La pomposidad sueca nos lleva a pensar que las decisiones de la Academia las toma una docena de personas vestidas con toga y peluca platinada, sentadas alrededor de una mesa de abedul, y es muy probable que las decisiones las tomen en un pub, después de haber bebido litros de glögg o de aquavit, no lo sabemos. Lo que es seguro es que no son decisiones consensuadas, porque es imposible que las mismas personas acuerden darle el Premio Nobel un año a Peter Handke y cinco años después a Han Kang.
Supongo que las decisiones las toma cada año un integrante distintos de los diez que componen la Academia Sueca, de un modo muy similar a como nosotros tomamos decisiones irresponsablemente, es decir cuando el dinero en juego no es nuestro: “El año pasado elegiste vos, ahora me toca a mí”, o cosas parecidas. De otro modo no se explica.
Al mismo tiempo, esta irresponsabilidad puede sernos beneficiosa: los argentinos tenemos una legión de autores del nivel de Han Kang, e incluso mejores.
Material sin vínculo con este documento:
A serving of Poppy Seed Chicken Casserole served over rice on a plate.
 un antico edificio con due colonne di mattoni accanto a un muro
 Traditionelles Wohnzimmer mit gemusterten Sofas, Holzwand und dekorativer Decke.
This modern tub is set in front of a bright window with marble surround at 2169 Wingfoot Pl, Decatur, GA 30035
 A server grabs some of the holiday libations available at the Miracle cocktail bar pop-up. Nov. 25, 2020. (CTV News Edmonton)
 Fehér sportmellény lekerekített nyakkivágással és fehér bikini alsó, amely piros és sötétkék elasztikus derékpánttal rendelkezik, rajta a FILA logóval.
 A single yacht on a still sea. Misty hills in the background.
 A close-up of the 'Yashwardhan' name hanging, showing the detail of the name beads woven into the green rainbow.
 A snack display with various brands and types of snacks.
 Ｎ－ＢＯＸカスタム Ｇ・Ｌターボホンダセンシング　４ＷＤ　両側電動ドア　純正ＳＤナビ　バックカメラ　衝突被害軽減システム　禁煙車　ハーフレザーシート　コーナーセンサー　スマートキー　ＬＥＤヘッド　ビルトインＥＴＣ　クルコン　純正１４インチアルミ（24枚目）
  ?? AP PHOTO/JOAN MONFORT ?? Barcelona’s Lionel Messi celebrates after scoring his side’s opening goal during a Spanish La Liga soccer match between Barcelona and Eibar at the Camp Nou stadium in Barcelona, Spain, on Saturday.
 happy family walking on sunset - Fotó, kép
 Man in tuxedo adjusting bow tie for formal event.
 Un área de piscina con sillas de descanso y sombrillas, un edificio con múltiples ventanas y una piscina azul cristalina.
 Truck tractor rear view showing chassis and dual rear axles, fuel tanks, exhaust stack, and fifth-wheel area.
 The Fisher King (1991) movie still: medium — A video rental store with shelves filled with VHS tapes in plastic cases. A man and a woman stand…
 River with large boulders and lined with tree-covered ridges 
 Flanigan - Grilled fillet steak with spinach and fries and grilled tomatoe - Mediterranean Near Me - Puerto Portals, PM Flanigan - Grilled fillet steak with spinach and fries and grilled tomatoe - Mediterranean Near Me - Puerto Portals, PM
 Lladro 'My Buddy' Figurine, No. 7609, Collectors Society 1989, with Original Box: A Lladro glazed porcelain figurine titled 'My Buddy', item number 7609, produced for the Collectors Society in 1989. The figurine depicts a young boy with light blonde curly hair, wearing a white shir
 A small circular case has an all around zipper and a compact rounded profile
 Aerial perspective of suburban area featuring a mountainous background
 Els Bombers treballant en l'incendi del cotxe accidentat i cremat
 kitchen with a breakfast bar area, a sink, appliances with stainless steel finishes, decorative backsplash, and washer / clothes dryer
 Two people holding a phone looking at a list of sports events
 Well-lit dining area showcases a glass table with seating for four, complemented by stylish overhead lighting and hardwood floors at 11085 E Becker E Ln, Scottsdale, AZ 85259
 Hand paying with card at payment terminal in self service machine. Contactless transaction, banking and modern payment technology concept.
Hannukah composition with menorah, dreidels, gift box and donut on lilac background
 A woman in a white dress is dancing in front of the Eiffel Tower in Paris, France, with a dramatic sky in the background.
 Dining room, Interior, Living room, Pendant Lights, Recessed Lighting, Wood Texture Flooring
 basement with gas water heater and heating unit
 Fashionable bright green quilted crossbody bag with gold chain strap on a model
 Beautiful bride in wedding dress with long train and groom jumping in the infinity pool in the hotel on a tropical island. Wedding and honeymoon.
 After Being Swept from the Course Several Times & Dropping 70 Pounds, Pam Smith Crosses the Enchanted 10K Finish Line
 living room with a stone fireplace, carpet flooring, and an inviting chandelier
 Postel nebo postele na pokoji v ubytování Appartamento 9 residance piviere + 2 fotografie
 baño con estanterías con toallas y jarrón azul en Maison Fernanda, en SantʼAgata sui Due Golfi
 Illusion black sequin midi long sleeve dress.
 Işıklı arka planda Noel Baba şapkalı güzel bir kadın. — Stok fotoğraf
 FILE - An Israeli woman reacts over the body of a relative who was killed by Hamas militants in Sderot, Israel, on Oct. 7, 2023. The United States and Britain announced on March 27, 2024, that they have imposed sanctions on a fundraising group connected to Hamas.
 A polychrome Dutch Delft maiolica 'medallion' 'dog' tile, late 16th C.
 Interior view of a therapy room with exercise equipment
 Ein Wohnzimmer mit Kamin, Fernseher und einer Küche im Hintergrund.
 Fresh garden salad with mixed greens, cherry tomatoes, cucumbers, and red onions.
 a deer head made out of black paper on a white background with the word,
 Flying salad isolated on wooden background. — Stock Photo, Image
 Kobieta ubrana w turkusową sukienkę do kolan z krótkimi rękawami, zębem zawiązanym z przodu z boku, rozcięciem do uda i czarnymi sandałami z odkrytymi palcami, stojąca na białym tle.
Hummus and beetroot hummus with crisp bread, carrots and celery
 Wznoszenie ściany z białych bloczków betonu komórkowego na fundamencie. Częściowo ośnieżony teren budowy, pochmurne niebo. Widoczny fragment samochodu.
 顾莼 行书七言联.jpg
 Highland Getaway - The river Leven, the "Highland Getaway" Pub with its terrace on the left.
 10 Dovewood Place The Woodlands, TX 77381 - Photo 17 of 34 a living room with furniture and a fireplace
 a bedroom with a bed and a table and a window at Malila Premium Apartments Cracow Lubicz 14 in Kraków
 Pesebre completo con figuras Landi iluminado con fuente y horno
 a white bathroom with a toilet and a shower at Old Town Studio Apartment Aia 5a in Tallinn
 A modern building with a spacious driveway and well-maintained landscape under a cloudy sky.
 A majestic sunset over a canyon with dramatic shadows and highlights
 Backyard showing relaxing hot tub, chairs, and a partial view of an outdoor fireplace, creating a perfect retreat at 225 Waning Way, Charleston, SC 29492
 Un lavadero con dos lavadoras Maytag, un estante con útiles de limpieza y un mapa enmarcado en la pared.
No es que me interese particularmente que lo gane un argentino, pero si fuese un amigo tal vez podría sacar algún provecho. En cambio no veo provecho alguno en que lo gane una autora surcoreana: hay libros suyos ya traducidos, y probablemente traduzcan muchos más, tal vez todos. Y no pienso leerlos.
Y sin embargo existe una morbosa felicidad en ver concretada la expectativa de que lo gane alguien a quien ya leímos. Por alguna razón nos hace felices conocer la obra de un ganador, como si una mínima parte de ese prestigio recayera también en nosotros. Y algo de eso hay. Quienes estuvieron presentes aquella noche que Andy Summer le dio una patada en la cabeza a un policía en el escenario de Obras, en diciembre de 1980, quienes verdaderamente vieron eso, gozan de cierto prestigio. De lo contrario, todo el mundo no aseguraría haber estado ahí. Tal vez con el Nobel pase lo mismo, es como si viéramos al autor dándole una patada al destino, y en ese destino también entramos nosotros, que lo leímos. No lo sé.
Ahora que los criterios del Nobel de Literatura están a la altura del zócalo de nuestras casas, es el momento de que algún argentino lo gane.